A dictionary of channels and dependencies:
coiled.create_software_environment(
name="my-conda-env",
conda={
"channels": ["conda-forge", "defaults"],
"dependencies": ["python=3.9", "dask", "coiled", "xarray"],
},
)
or a local environment.yml file:
coiled.create_software_environment(
name="my-conda-env",
conda="environment.yml",
)
where environment.yml
is a local file that might look something like (see the conda documentation on how to export your environment.yml file):
# environment.yml
channels:
- conda-forge
- defaults
dependencies:
- python==3.9
- dask==2023.2.0
- bokeh==2.4.3
- numba
Pip#
Similarly, you can use the pip
keyword argument to install dependencies using pip.

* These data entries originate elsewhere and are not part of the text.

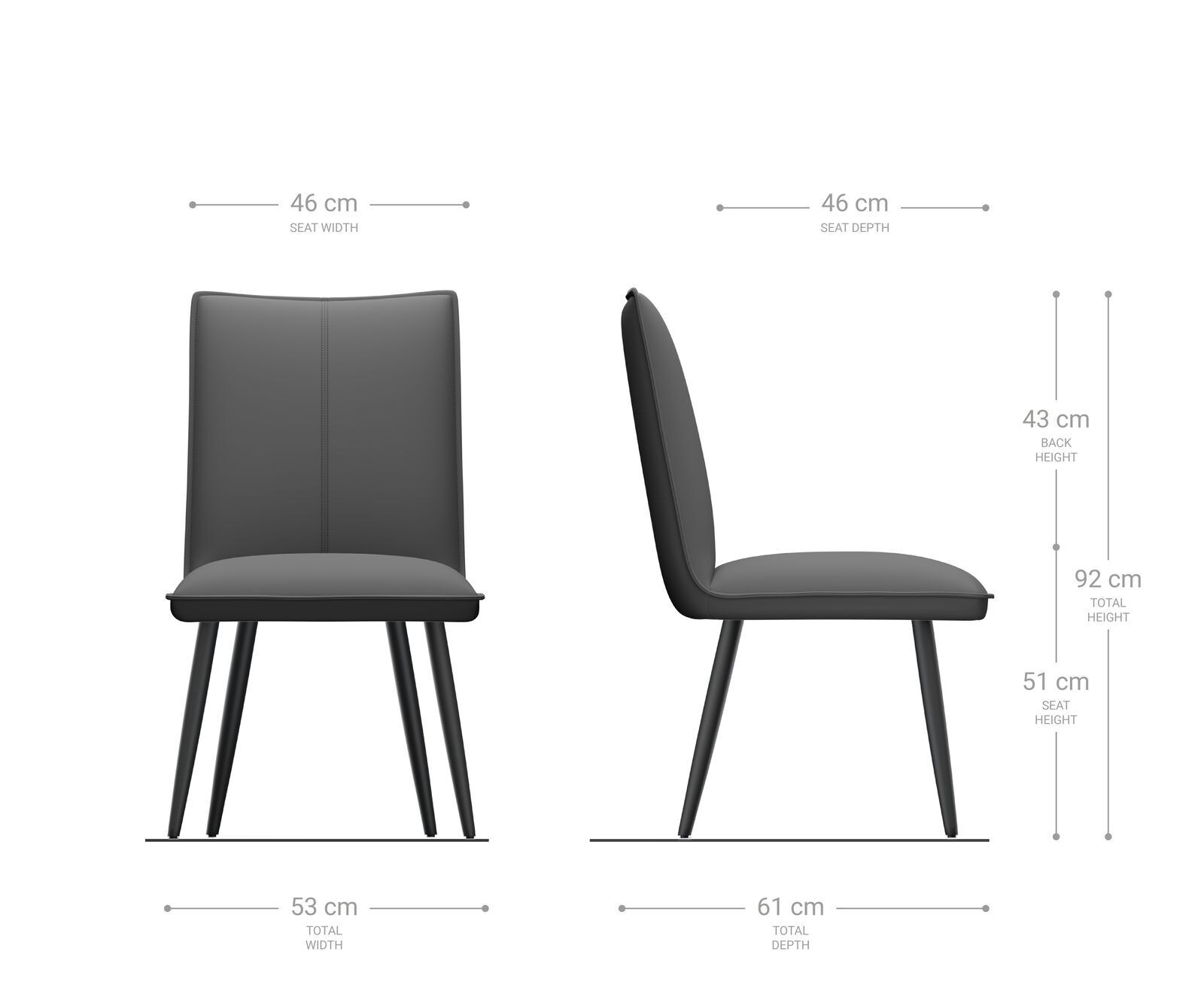 Eetkamerstoel Lelio-Flex fluweel grijs 4-poot conisch zwart pocketveer kern 5 Eetkamerstoel Lelio-Flex fluweel grijs 4-poot conisch zwart pocketveer kern 5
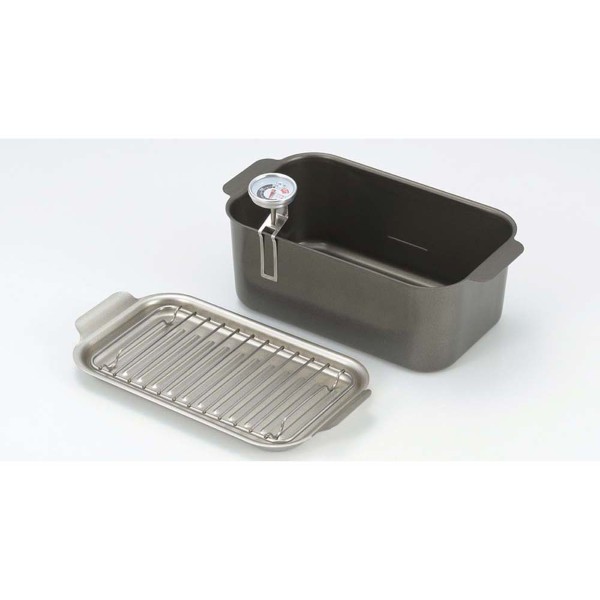 「食彩亭」角型蓋付天ぷら鍋（アミ・温度計付）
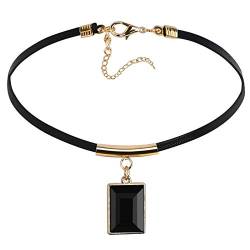 Choker Halsband Einstellbar Halskette Gliederkette Leder Rechteck Form Anhänger Gothic Halsband Gold Schwarz mit Zirkonia, 31.6+8 cm von Gualiy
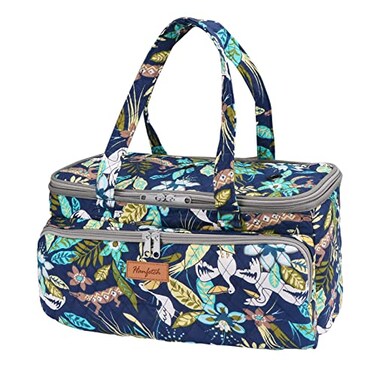 Hanfetch Yarn BagLarge SizeYarn Storage Organizer with GrommetsPortable Crochet Bag for Yarn SkeinsCrochet HooksKnitting Needles Other Accessories Rainforest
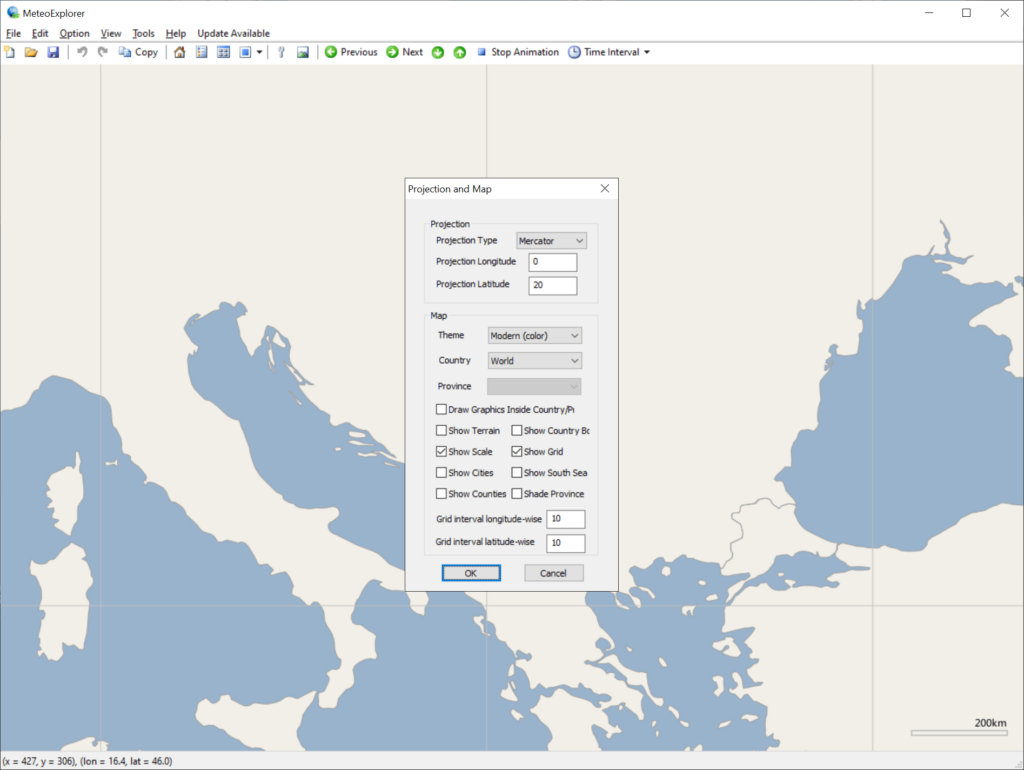 MeteoExplorer Projection settings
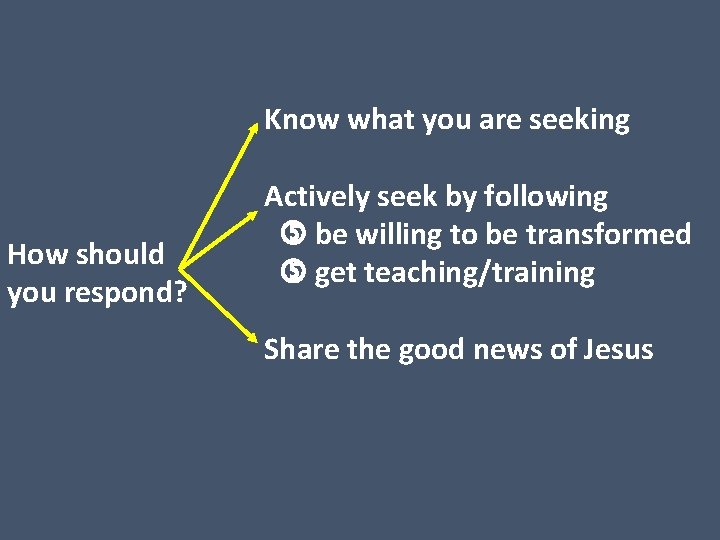 Know what you are seeking How should you respond? Actively seek by following be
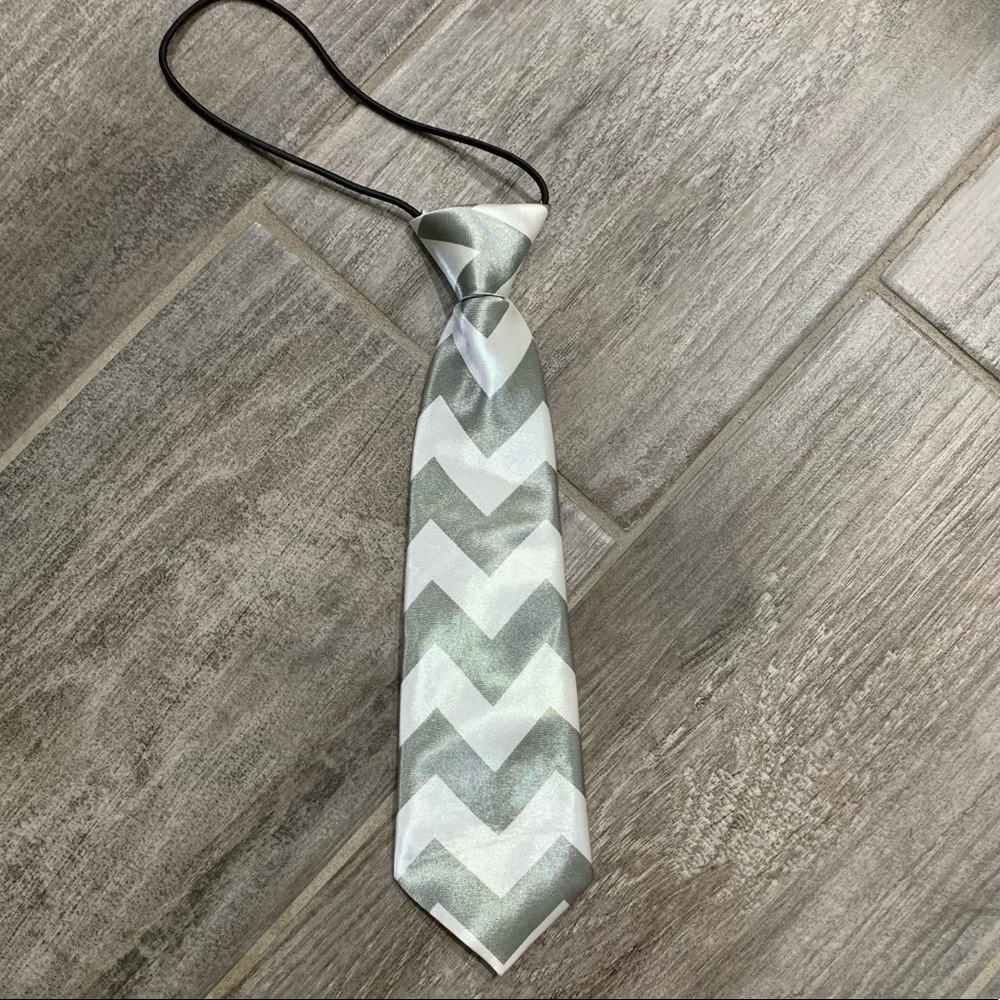 New Grey Chevron Boys Tie for Easter & Valentine's Day, Toddler-Boys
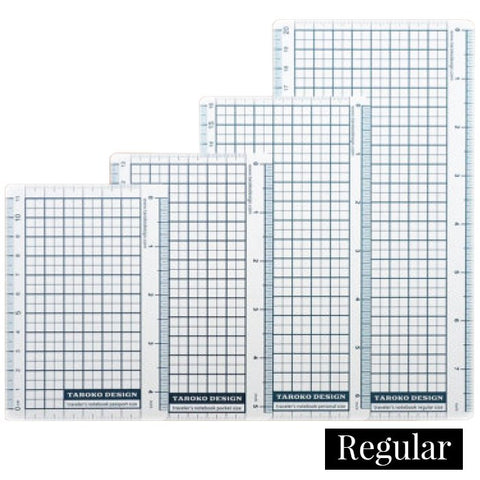 Pencil Board - Regular: Five transparent grid-rulers by Taroko Design, each with a centimeter scale and grid pattern, arranged from smallest to largest, featuring Regular style.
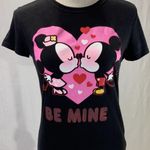 Disney Mickey and Minnie Black Be Mine Valentine Tee Size Medium Photo 1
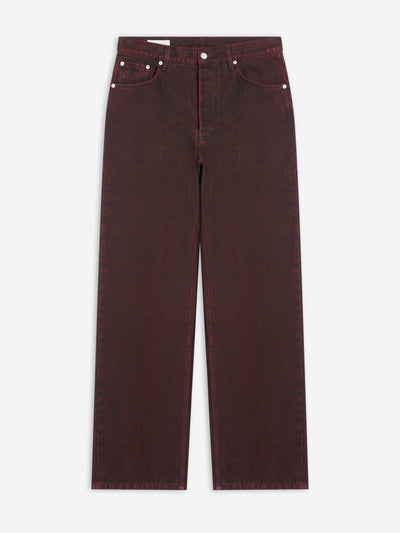 Red jeans on a white background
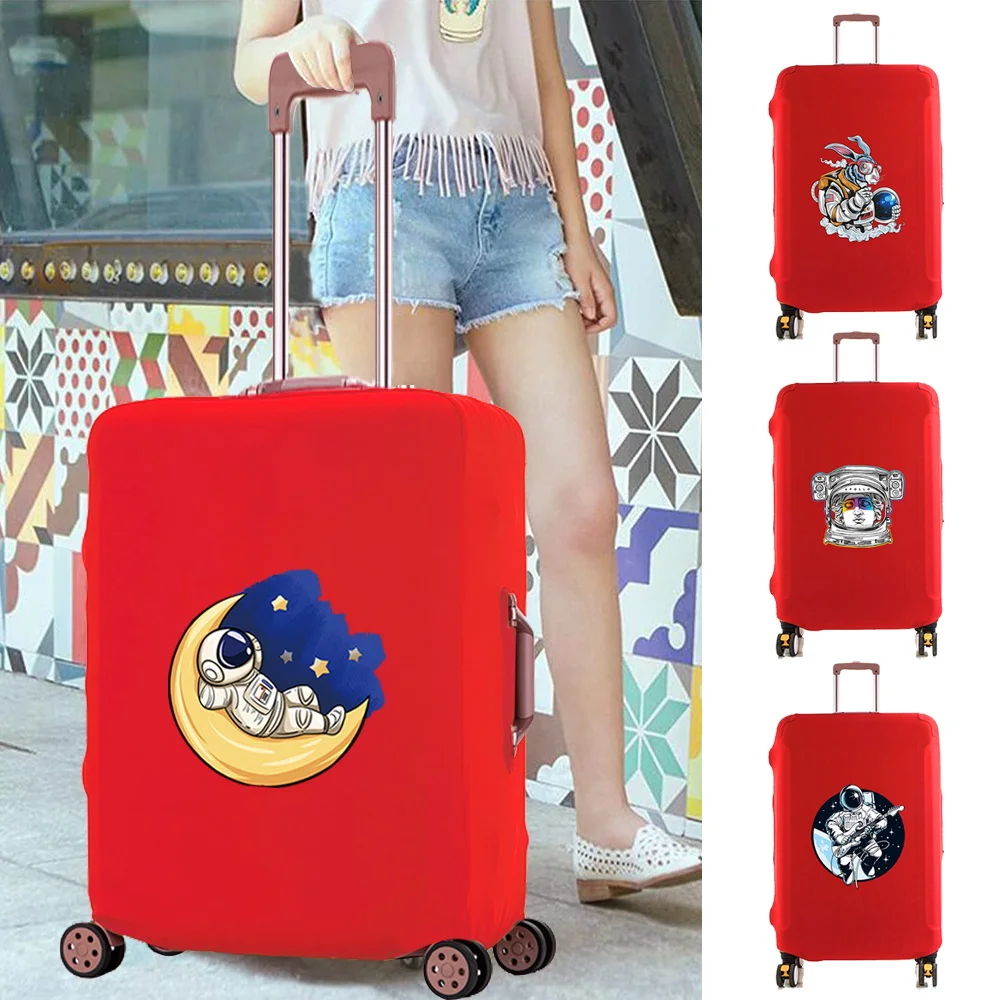 Luggage Case Elasticity Thicken Travel Accessory Cover Astronaut Print Trolley Protective Covers Apply To 18-28 Inch Suitcase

You can pass a list of dependencies, for example:
coiled.create_software_environment(
name="my-pip-env",
pip=["dask[complete]", "coiled", "xarray"],
)
Note
When creating an environment with pip
, your Python version will be detected automatically and used in your cluster.
Note
Pip does not automatically install distributed
along with dask
.
Specify dask with dask[complete]
or dask[distributed]
to ensure
distributed is installed.
Or you can pass a local requirements.txt file (see the pip documentation for more information on requirements files):
coiled.create_software_environment(
name="my-pip-env",
pip="requirements.txt",
)
where requirements.txt
might look something like:
bokeh==2.4.3
click==8.1.3
cloudpickle==2.2.1
dask==2023.2.0
distributed==2023.2.0
fsspec==2023.1.0
Private Repositories#
To use pip packages hosted in private repositories you must add a personal access token to your Coiled profile, which allows Coiled to pip install these packages on your behalf. To create a GitHub personal access token, follow the steps in GitHub’s guide. After you’ve created your access token, add it to your profile page at https://cloud.coiled.io/profile.
When specifying a pip package from a private repository use the format:
git+https://GIT_TOKEN@github.com/<github_account>/<github_repo>.git
For example:
coiled.create_software_environment(
name="my-pip-env",
pip=[
"dask[complete]",
"git+https://GIT_TOKEN@github.com/coiled/private_package.git",
],
)
Attention
For security reasons, you should not use your actual personal access
token when specifying pip requirements. Instead, use the literal string
GIT_TOKEN
which acts as a placeholder for your personal access token.
Your actual access token will be populated when Coiled builds the
corresponding software environment.
Docker#
You can also build environments based on Docker images using the container
keyword argument, for example:
coiled.create_software_environment(
name="my-docker-env",
container="rapidsai/rapidsai-core:23.02-cuda11.5-runtime-ubuntu20.04-py3.8",
)
will build a software environment named “my-docker-env” using the latest RAPIDS image. See Docker images for more details.